This love of reason that Swift criticizes derived from the rationalism of the seventeenth and eighteenth centuries. John Locke's theories of natural religion were popularly read, as were Descartes' theories about the use of reason. Then a loosely connected group summarized these opinions, plus others, and a cult was born: They called themselves the Deists.
In general, the Deists believed that people could reason, observe the universe accurately, and perceive axioms intuitively. With these faculties, people could then arrive at religious truth; they did not need biblical revelation.

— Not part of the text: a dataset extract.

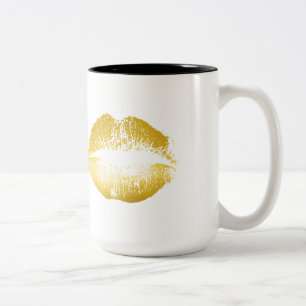 Caneca De Café Em Dois Tons Lábios Dourados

Orthodox theology has always made reason dependent on God and morality, but the Deists refuted this notion. They attacked revealed religion, saying that if reason can support the God described by the Bible, it may also conclude that God is quite different from the biblical God. The answer depends upon which observations and axioms the reasoner choose to use.






In Book III, Laputan systematizing is exaggerated, but Swift's point is clear and concrete: Such systematizing is a manifestation of proud rationalism. The Laputans think so abstractly that they have lost their hold on common sense. They are so absorbed in their abstractions that they serve food in geometric and musical shapes. Everything is relegated to abstract thought, and the result is mass delusion and chaos. The Laputans do not produce anything useful; their clothes do not fit, and their houses are not constructed correctly. These people think — but only for abstract thinking's sake; they do not consider ends.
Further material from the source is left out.